Budapest ist aber immer wieder gut für eine Überraschung. Attila Fekete, der im italienischen Fach mit dem Manrico und dem Herzog von Mantua hörbar an seine Grenzen gestoßen war, überzeugte umso mehr als Erik. Sein heller, eher lyrischer Tenor entfaltete sich in dieser Partie prächtig. In früheren Jahren trat er immer wieder als Froh im Rheingold auf, nun hat er sich eine zweite Partie im deutschen Fach angeeignet und man darf gespannt sein, ob er diesen Wechsel ins deutsche Fach weiter beschreiten wird?

Die Mary wurde von der bewährten ungarischen Altistin, die immer wieder Ausflüge ins Mezzofach unternimmt, Annamária Kovács, in blonder Perücke à la Marilyn Monroe, mit ihrer unverwechselbaren dunklen Stimmfärbung (eine ungarische Zarah Leander) wieder einmal hervorragend dargeboten. Es verwundert wirklich, warum diese Sängerin noch nie der Ruf als Erda, eine ihrer Paraderollen, an die Wiener Staatsoper eingeholt hat?

András Palerdi ergänzte mit sicherer Stimmführung als behäbiger Kapitän Daland, der seine Tochter Senta für die Schätze des reichen Holländers leichten Herzens eintauscht. Was für ein „Vorbild“ an väterlicher Liebe!

Ein stimmlicher Wermutstropfen war der Steuermann von István Horváth. In Budapest ist es nicht üblich, Sänger auf Grund einer Erkältung zu entschuldigen. Für den Rezensenten hörte sich die Stimme aber so an, als ob der Sänger stark verkühlt sei, anders kann man die krächzende Höhe bei einem sonst verlässlichen Sänger an diesem Abend wohl nicht erklären.


Copyright: Pál Csillag

Der erfahrene Wagnerdirigent János Kovács am Pult des Orchesters der Ungarischen Staatsoper sorgte für eine umsichtige Interpretation, indem er den rein formalen Charakter des Holländers als Nummernoper bestehend aus Arien, Balladen, Chören, Duetten und Rezitativen, mit äußerster Präzision gestaltete. Nach dem Willen Wagners sollte die Oper, ihres Balladencharakters willen, ohne Pause gespielt werden. Diesem Credo Wagners fühlte sich auch Maestro Kovács verpflichtet.

Dem von Máté Szabó Sipos bestens einstudierten Chor wurde durch den Choreographen Csaba Horváth auch diffizile tänzerische Aufgaben auferlegt.

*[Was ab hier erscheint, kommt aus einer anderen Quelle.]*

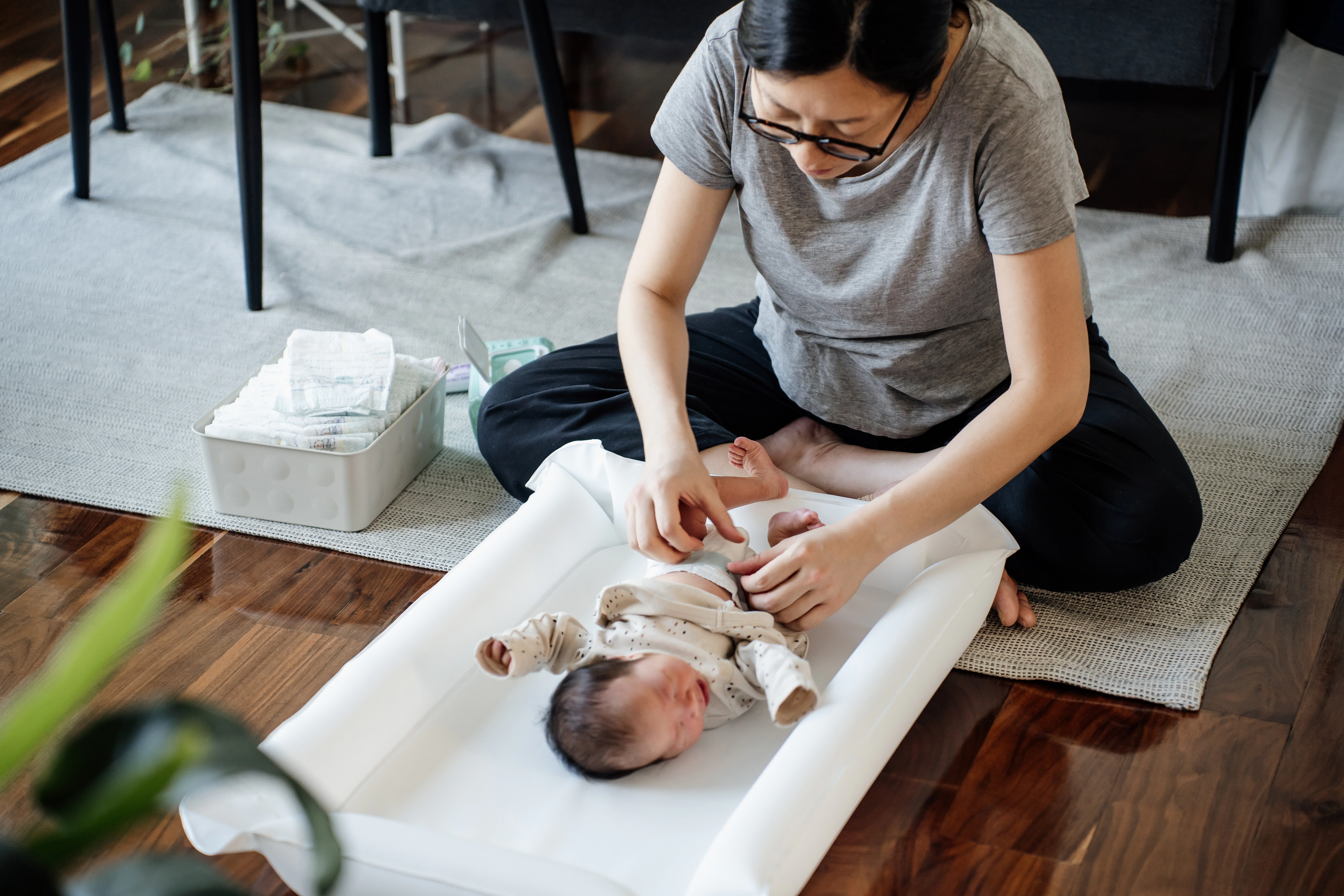 A seated parent gently dressing a newborn on a white changing pad on the floor, with diaper supplies...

Éva Szendrényi schuf ein abwechslungsreiches Bühnenbild, in dessen Hintergrund immer wieder das Geisterschiff des Holländers mit seinem schwarzen Mast und den blutroten Segeln als Projektion erschien, das zum Finale in lichterlohen Flammen versinkt. Zu Beginn der Oper deuten dann drei Taue, die von den norwegischen Matrosen gezogen werden, Dalands Schiff an. Senta sitzt dann im zweiten Alt wie zufällig zur Linken vor einem Webstuhl. Unsere Monroe-Mary mit Minirock und blonder Perücke ihr gegenüber zur Rechten.

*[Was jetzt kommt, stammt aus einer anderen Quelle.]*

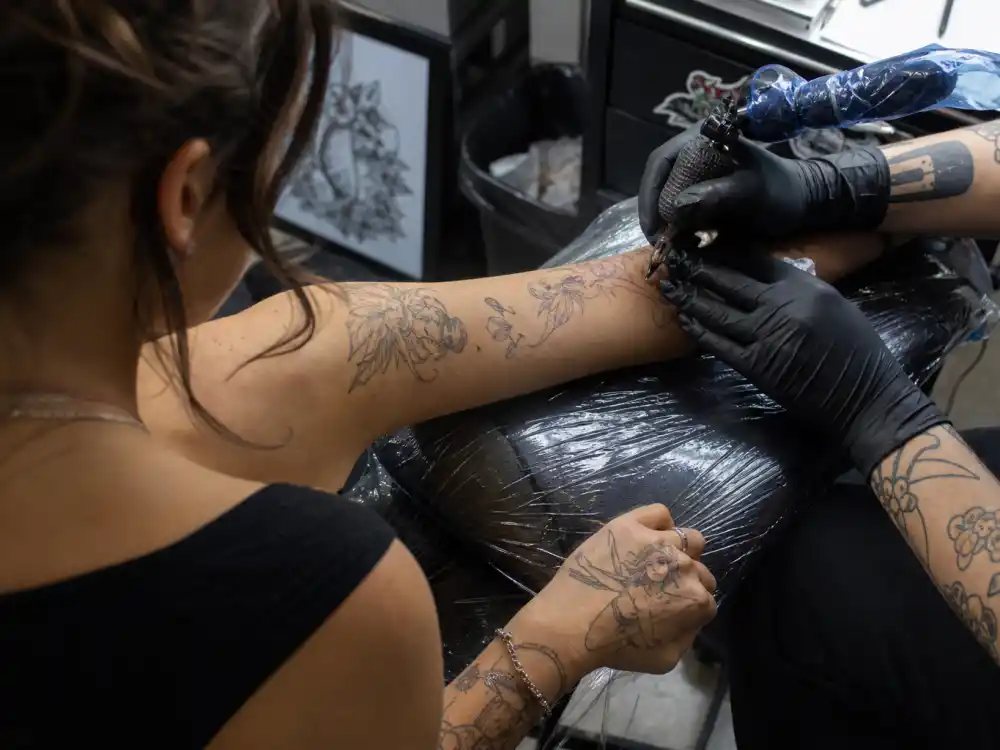 Billie Eilish tattoos and their meanings studio session — tattoo artist gloved hands applying ink on forearm over-shoulder with fairy hand tattoos visible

Krisztina Berzsenyi verpasste dem Männerchor der Matrosen noch zusätzlich ein Frauenfoto aufs T-Shirt, Ausdruck wohl der Sehnsüchte Frauenentwöhnter Matrosen während ihrer langen Seefahrt. Ebenso platt wirken dann auch die Mädchen in der Spinnstube in ihren wenig ansehnlichen Kitteln, auf deren Rücken dann Aufdrucke wie etwa I love Ken, I love Chocolate, I love Candy mit dem Love-Logo erscheinen, die ebenfalls als offen zur Schau gestellte Sehnsüchte interpretiert werden kann.

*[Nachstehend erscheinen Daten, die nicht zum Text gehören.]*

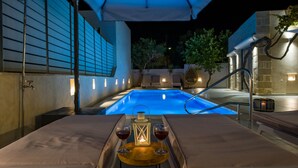 Un área de piscina exterior con una tumbona, una mesa con dos copas de vino y un farol.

Interessanter wirkten da die Segel an der Seite der Bühne, die sich in stürmischen Momenten aufblähten, sowie die Choreographie der Spinnstube, wo die Mädchen mit überlangen Nadeln tanzen, wobei solche Nadeln zugleich den Bühnenraum in dieser Szene begrenzen.

Detailverliebt ist auch die Inszenierung von János Szikora, der sich nach dem Abgang von Balázs Koválik nun verpflichtet fühlte, das etwas verstaubte Repertoire der Ungarischen Staatsoper durch eine ansprechende, moderne Inszenierung zeitgemäßer erscheinen zu lassen. Freilich tat er des Guten manchmal zu viel, etwa, wenn er an der Stelle „Steuermann! Laß die Wacht!“  den Männerchor mit weißen Stiefeln und den Frauenchor mit weißen Perücken auftreten lässt, um so dem Publikum Effekte des Schwarzen Theaters vorzuführen. Das wirkt dann auch etwas komisch und nicht begründet. Gelungen ist aber dann wieder der Auftritt der Mannschaft des Holländers, die aus der Bühnentiefe nach oben fährt, in blutroter Gewandung mit riesigen Schädeln, bei deren Anblick die norwegischen Matrosen Reißaus nehmen. Und der Regisseur liebt natürlich ein Happy End und so gehen Senta und der Holländer am Ende Hand in Hand nach dem Bühnenhintergrund.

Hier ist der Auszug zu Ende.